[INPUT DATA]
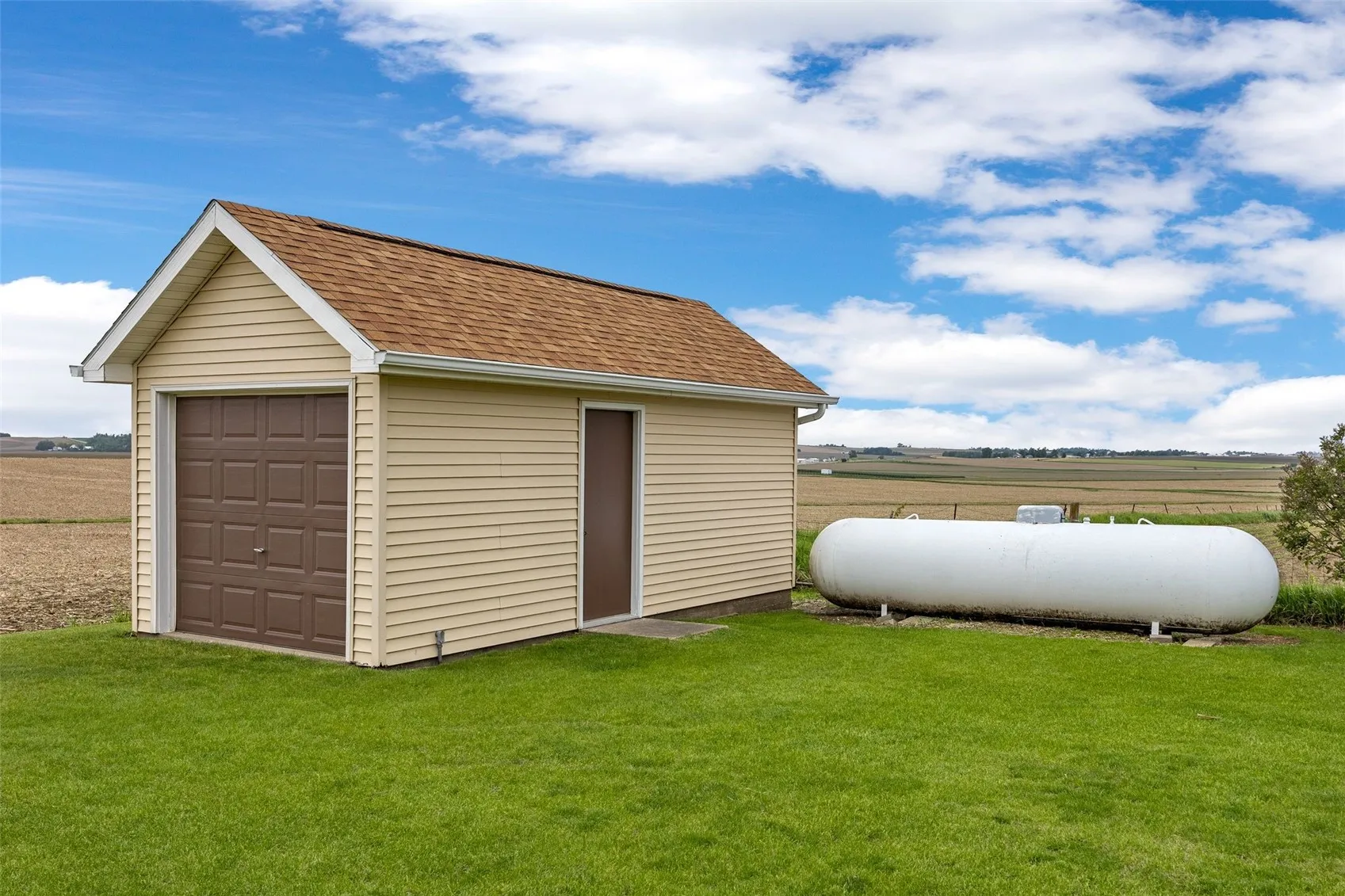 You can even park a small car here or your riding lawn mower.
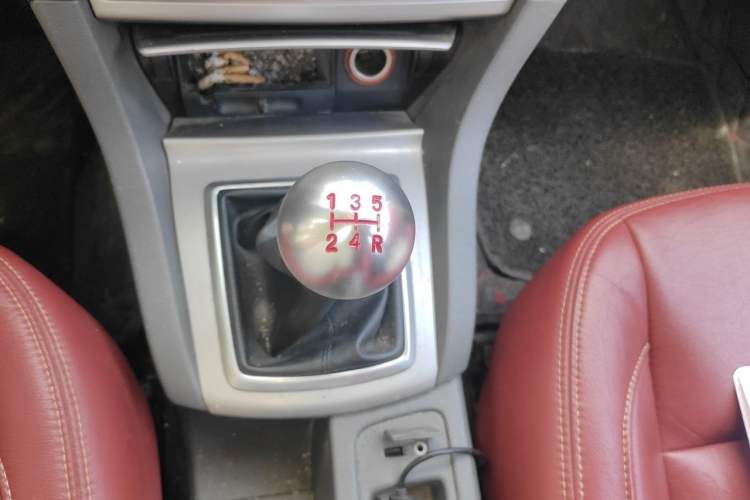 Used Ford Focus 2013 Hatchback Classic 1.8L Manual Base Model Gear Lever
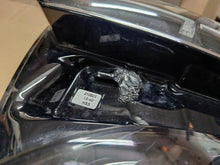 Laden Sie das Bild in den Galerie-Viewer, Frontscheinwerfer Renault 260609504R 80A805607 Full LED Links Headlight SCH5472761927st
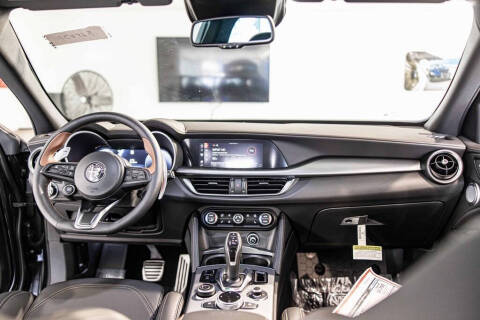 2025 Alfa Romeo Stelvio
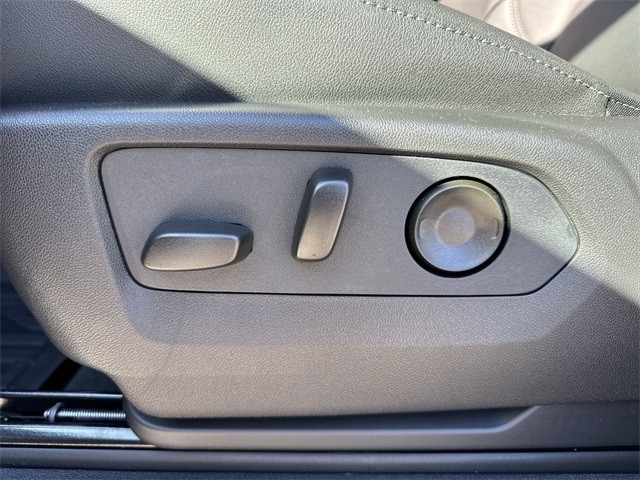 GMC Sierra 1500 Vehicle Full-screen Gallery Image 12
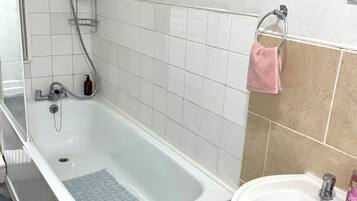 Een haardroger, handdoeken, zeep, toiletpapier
--
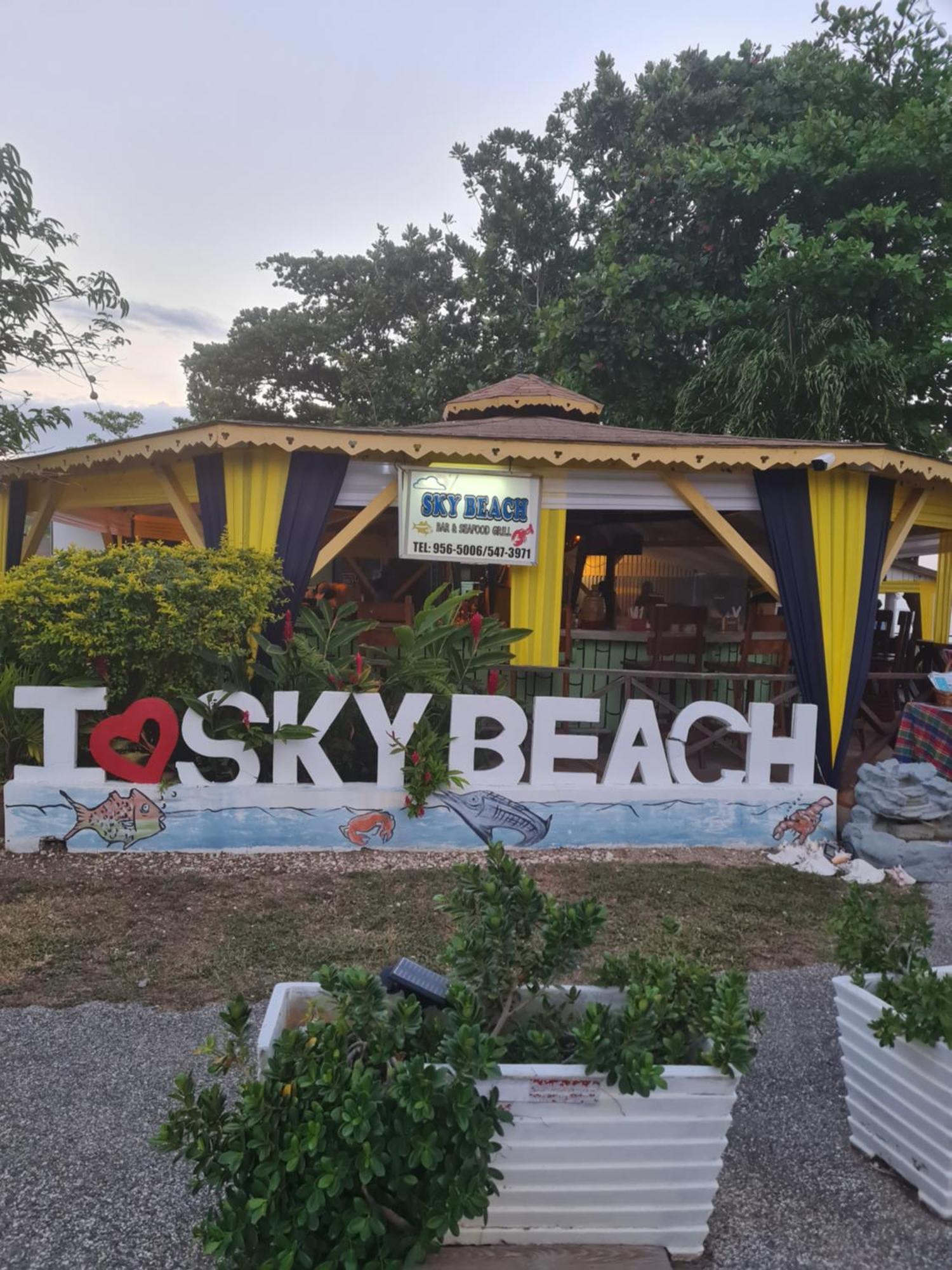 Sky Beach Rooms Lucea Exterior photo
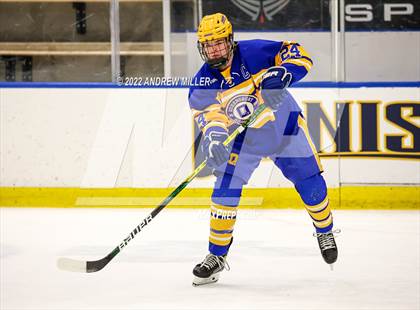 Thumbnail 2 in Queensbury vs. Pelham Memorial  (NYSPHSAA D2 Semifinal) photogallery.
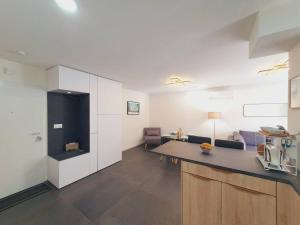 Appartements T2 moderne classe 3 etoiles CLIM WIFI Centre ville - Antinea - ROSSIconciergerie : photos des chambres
...
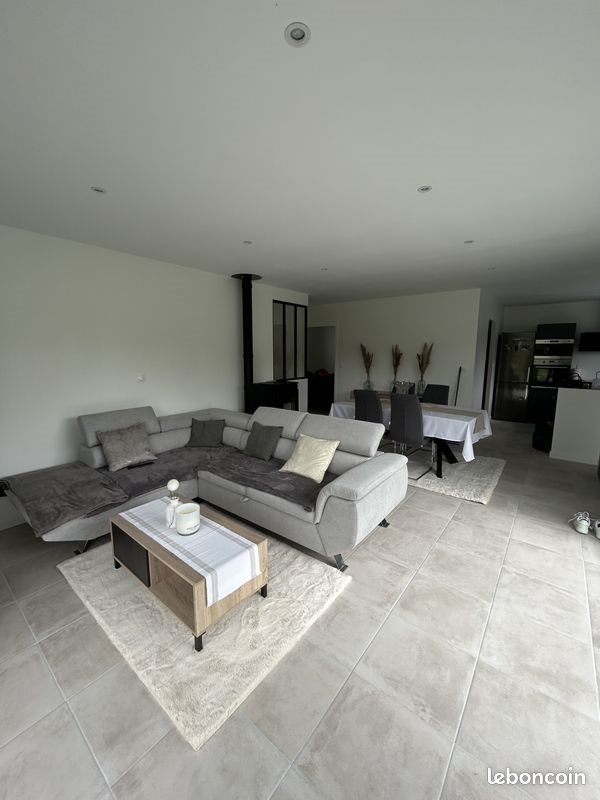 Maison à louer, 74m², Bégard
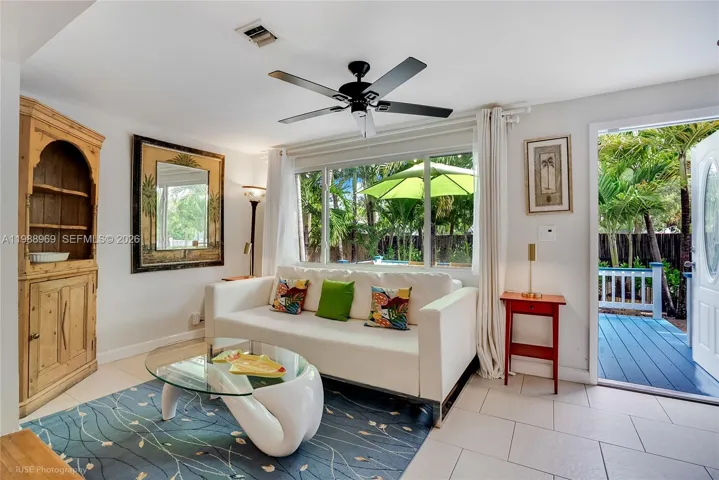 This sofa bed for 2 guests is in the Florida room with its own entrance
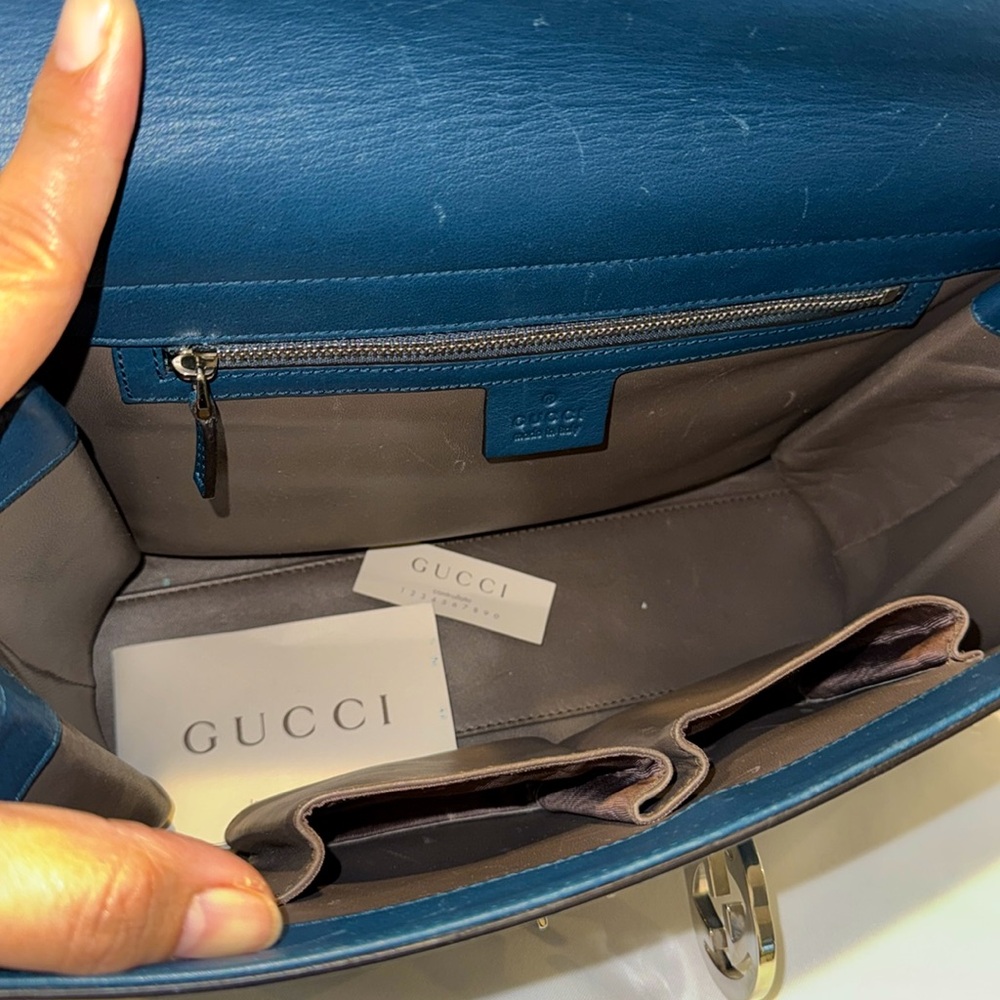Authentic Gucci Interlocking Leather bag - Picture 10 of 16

[WORK INSTRUCTION] Out of the records above, please copy exactly the lines from the line with "GMC Sierra 1500" up to and including the line with "Een haardroger, handdoeken, zeep, toiletpapier", minus the pictures.

[COMPLETED TASK]
 GMC Sierra 1500 Vehicle Full-screen Gallery Image 12
 Een haardroger, handdoeken, zeep, toiletpapier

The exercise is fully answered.